Breaking Free From the ORM: Decoupling Database Migrations
Defining expectations from a database migration system without an ORM
TL;DR, Removing the database lifecycle from your application lifecycle will reduce the complexity in the system.
In our previous article, we explored why the ORM is a detrimental construct. When we seek to reduce complexity by removing it, we need to replace three competencies bundled into one:
- Database migrations
- Database connection handling
- Database queries
Requirements for the database migration system
- Native scripting: Databases have a rich set of features accessible by their scripting language. There should be no need to learn a different DSL (Domain-specific Language) to make changes to our database.

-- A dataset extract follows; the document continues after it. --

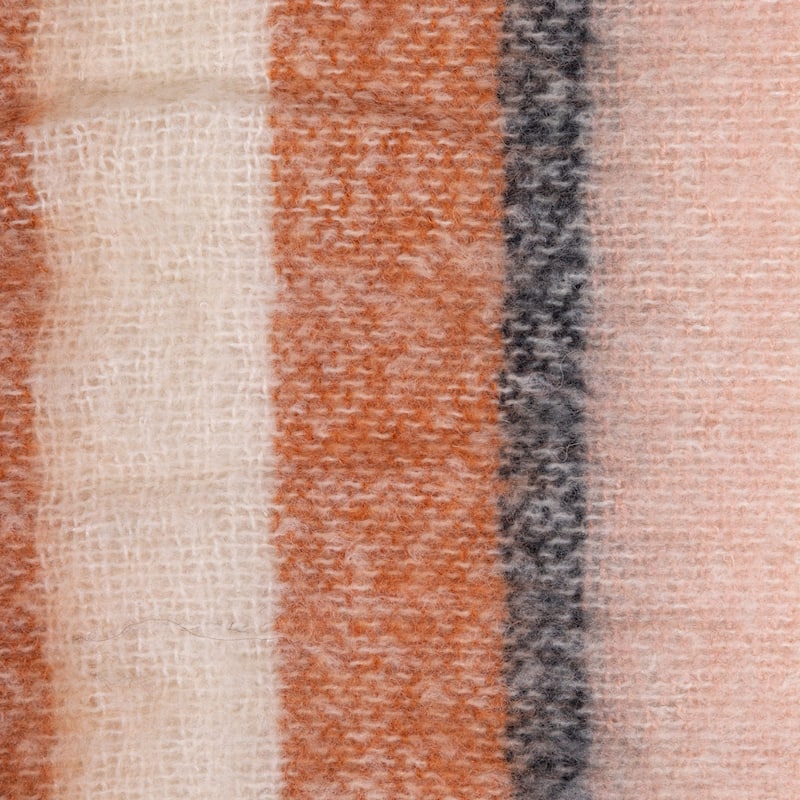 Striped Acrylic and Wool Throw Blanket
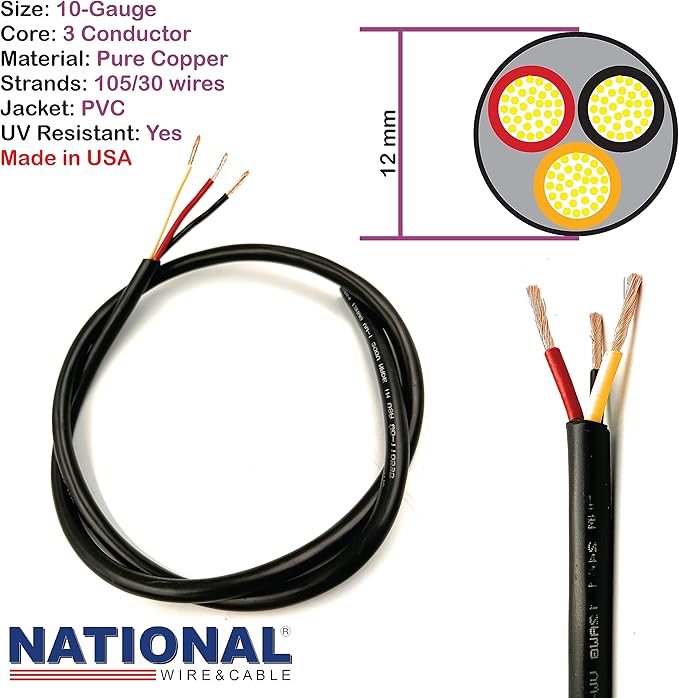 NATIONAL Wire & Cable – 10 AWG 3-Conductor Premium Copper Wire, 100 ft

- Proper order of execution: The system should enforce the application of database changes in the same predetermined order every time these changes run.
- Rollback: We always think about database migrations as a means to evolve the database, but sometimes we screw up and need to “rollback” to a previous version. We need this functionality in our database migration system.

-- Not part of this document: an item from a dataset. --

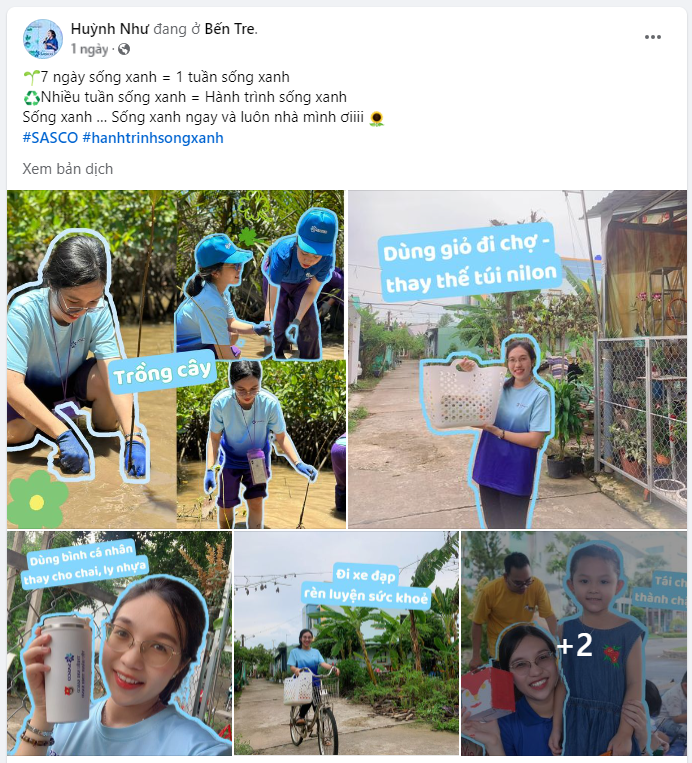 Tuổi trẻ SASCO lan tỏa sống xanh trên mạng xã hội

- No dependencies on the application: ORMs are usually embedded within the language or framework that we use when writing our back-end applications (e.g., Django, Ruby on Rails, etc..). For our database migration system, we want to dissolve the bindings between the tools we use to write the application logic and the tools we use to manage our migrations. This allows us to manage the database lifecycle independently of our application lifecycle. Then we’ll be able to deploy database changes without having to deploy the entire application.
- Database changes should be in a single transaction: Either the entire migration succeeds or it fails but not something in between.

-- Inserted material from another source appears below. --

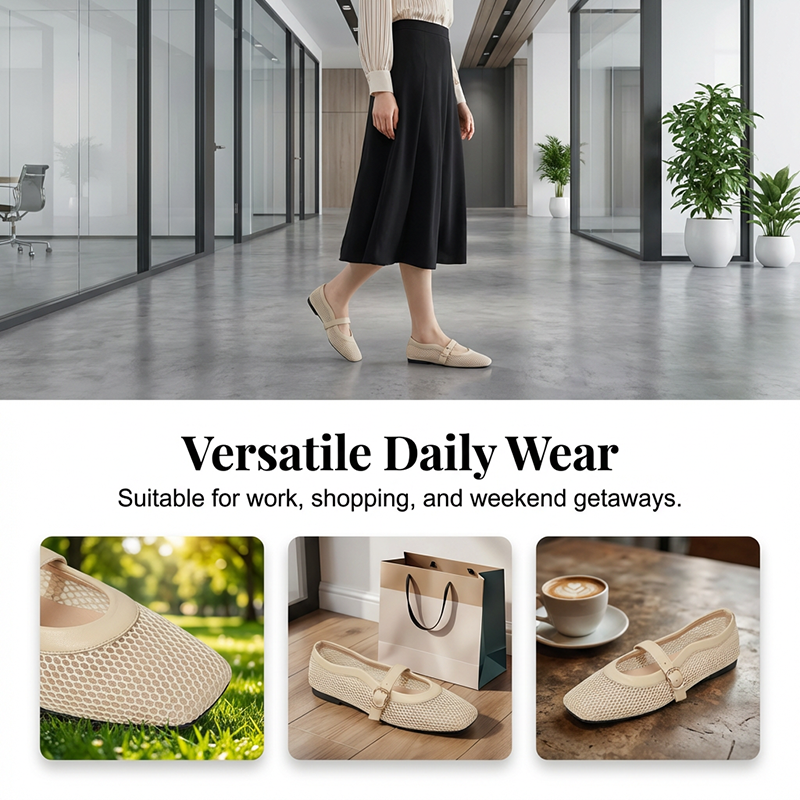 Elegant breathable mesh Mary Jane shoes 👡✨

- Idempotency: We can run the migration command as many times as we want but changes to the database will only be applied once.
Tools that satisfy our database migration system requirements
There are some tools out there that satisfy all of the requirements. One that seems very popular, according to the number of docker images downloads, is Flyway. I personally have successfully used sqitch for the last couple of years.
While this is not a comprehensive tutorial on how to use any of the tools, for the sake of completing the argument here an example of a typical sqitch workflow. Once we have sqitch configured, imagine our first migration is named
# This will create a new migration named “users_table” that depends on a previous migration named “initial_migration”sqitch add users_table -r initial_migration -n “Create users table”
The previous command will create 3 files, a file under the
deploy folder, a file under the
revert folder and one under the
verify folder (we’ll ignore this last one).
Now we need to add a PostgreSQL deploy script:
deploy/users_table.sqlBEGIN;# Needed to generate UUIDs
CREATE EXTENSION IF NOT EXISTS pgcrypto;CREATE TABLE "users" (
"uuid" uuid DEFAULT gen_random_uuid() NOT NULL PRIMARY KEY,
"created" TIMESTAMP WITH TIME ZONE NOT NULL default NOW(),
"email" TEXT NOT NULL,
"password" TEXT NOT NULL,
"deleted" BOOLEAN NOT NULL DEFAULT false
);CREATE UNIQUE INDEX user_email_for_non_deleted ON "user"("email") WHERE (deleted is FALSE);COMMIT;
Now we need to add a PostgreSQL revert script:
revert/users_table.sqlBEGIN;DROP EXTENSION IF EXISTS pgcrypto;
DROP TABLE IF EXISTS "users";COMMIT;
Then to deploy the changes to an already configured database we run:
# deploys pending migrations to production_db (already configured)sqitch deploy -t production_db
And if we want to revert the change we just need to:
sqitch revert -t production_db --to-change initial_migration
The last command will run all the revert scripts until and without including
initial_migration. In our case, it will just run
Should we decouple database migrations from application deployments?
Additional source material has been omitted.